A Flock of Fall Fruits

There are an abundance of berries on shrubs and trees in my gardens this fall.  I choose to believe it’s because they are happy, loved and established rather than some exhibition of desperation, a last-ditch effort to reproduce, given the exceptional drought they’ve lived through this past year or so.

I didn’t expect much of a berry show this year because of the drought, so I’m glad that I was wrong.

My Possumhaw Holly (Ilex decidua) has been an inveterate berry producer for some years now.

It’s about eleven years old and usually by  November, it showcases its lovely, lush red berries.

The birds (mockingbirds, bluejays and cedar wax-wings) love this berry and are very generous with me:  they don’t eat these fruits to extinction until early spring so I get to enjoy the beauty of the berries throughout winter.
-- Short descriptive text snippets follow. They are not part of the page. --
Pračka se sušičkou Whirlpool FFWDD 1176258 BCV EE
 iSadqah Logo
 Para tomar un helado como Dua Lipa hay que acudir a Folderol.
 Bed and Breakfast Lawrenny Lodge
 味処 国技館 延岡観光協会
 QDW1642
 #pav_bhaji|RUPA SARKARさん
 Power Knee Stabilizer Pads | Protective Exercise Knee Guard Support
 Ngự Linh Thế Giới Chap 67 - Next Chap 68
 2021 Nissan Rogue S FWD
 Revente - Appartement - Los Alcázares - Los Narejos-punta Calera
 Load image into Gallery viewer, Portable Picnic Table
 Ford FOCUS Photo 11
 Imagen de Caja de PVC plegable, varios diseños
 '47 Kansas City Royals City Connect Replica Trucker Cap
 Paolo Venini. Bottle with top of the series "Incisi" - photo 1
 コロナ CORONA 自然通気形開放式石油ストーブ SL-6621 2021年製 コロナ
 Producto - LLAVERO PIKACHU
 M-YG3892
Interestingly,  many of the berries that developed last fall stayed on the tree well into this past summer, a surprise to me given the limitations of wildlife food available this year.

My neighbor has the related Yaupon Holly (Ilex vomitoria), just over the fence which separates our property.

I like these two small, native trees planted so closely together.

The Yaupon remains evergreen during winter and the Possumhaw is deciduous after our first hard freeze.  The berries will remain on both trees until birds and squirrels devour them.  The Possumhaw has slightly larger and darker red berries,

while the Yaupon’s fruits are smaller, scarlet red and shiny.

Both trees are excellent landscape and wildlife plants for Central Texas.

The non-native, but well-adapted Dwarf Burford Holly (Ilex cornuta ‘Dwarf Burford’ ), is also exhibiting a bumper crop of berries this year.

Typically, these berries stay on the shrubs until the cedar wax-wings swoop, en masse, and eat them all, usually in one afternoon, sometime in late February or March.  These shrubs are very slow-growing.  I planted them in 1990 and it took  many years for them to reach their mature size.  They’ve always been good berry producers though.

Pigeonberry (Rivina humilis) are still producing their little, brilliant red fruits this year as well.

I’m guessing that the recent rains we’ve had contributed to the slightly longer bloom ‘n berrying time for this plant.

The Texas native pepper, Chile Pequin (Capsicum annuum), also is a reliable fruit producer, although this year (at least in my garden), the fruits (peppers) developed a little later than usual.

Typically, the peppers develop in the summer months, turning red by late August/September.  Aside from the later ripening time, there aren’t as many peppers on my Chile Pequin plants this year as in others.  The mockingbirds have visited these plants recently, so it’ll be interesting to observe whether the fruits remain throughout winter.  Usually they do, that is until a very hard freeze.

Conversely, some of the other fruit producers  have had their fruits gobbled up (seemingly) about three seconds after ripening.  I haven’t seen a Turk’s Cap (Malvaviscus arboreas) fruit or a Barbados Cherry (Malpighia glabra) fruit since earlier in October.  I did however, see a mockingbird flitting about those plants, often with a fruit wedged firmly in his beak.  I wonder if there’s a connection??

What berries to you and your wildlife enjoy?